Clare Curzon turns aside temporarily from Inspector Mike Yeadings and crime in today's Thames Valley to bring us to Edwardian England. In this tale of bygone evil and present-day deceit, Curzon demonstrates that she is as adept as delivering a page-turner in a different time period as she is in spinning a tale of crime in present-day Wales.
This is a story about two titled women, Lady Isabelle Delmayne and Eugenie, Countess Crowthrowne, who share a dark past. Implicated in two vicious murders seven years earlier, they both have histories of naked ambition, duplicity, moral blackmail and betrayal. Inescapably locked together in their knowledge of one another's secrets, they struggle desperately for the upper hand, each aware that a betrayal of the other's past could bring them her down along with her enemy.
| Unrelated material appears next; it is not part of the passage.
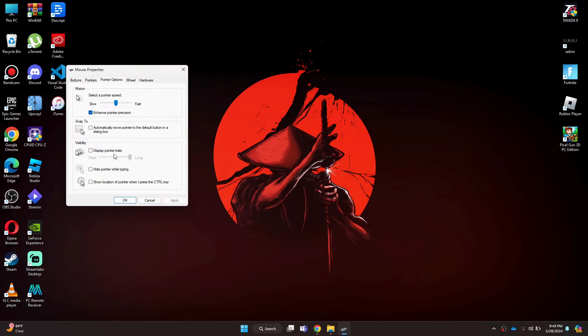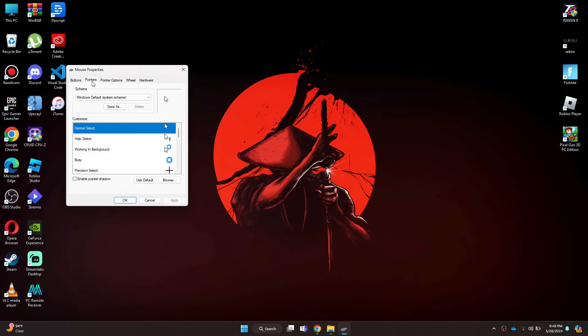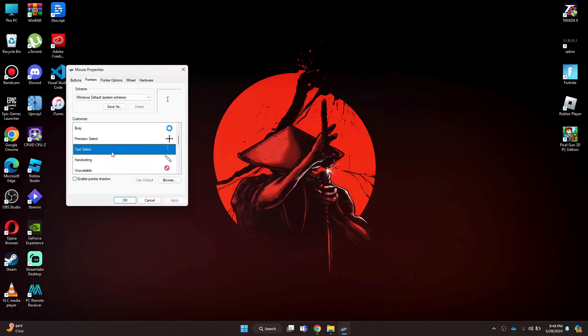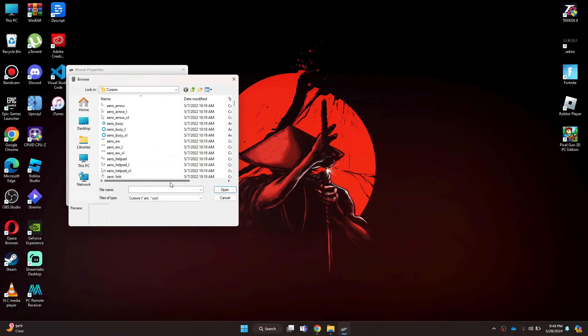If your problem still isn't solved, go to the Pointers tab and then search for the one named Text Select. After you get to it, select it and then click on the Browse button.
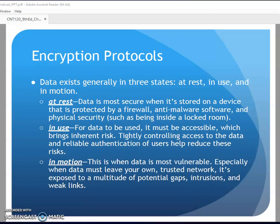Chapter 4 - we're moving into the encryption protocol part of the chapter. They remind us that data exists in three states: rest, use, and motion. Data is really most secure when it's stored, like on your hard drive in a locked room, maybe even encrypted. But in use, that's where the risk starts.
The tension climaxes when a summer storm breaks the terrible heatwave of 1908 and the body of a foreigner, bludgeoned to death, is found in the river near the home they unfortunately share. The discovery and the ensuing police inquiry opens the floodgates of their joint and separate pasts, with all its dangerous ghosts and new evidence of a similar death that took place when they were together on a tour of Europe.
In the face of these shocking revelations, police and family members contend over whether the women can be held accountable at this date, or whether, as the family wishes, the whole sorry picture can be conveniently swept under the carpet. It is in this infighting, as well as the crimes that come to light, that Curzon holds the reader's attention until the very last page.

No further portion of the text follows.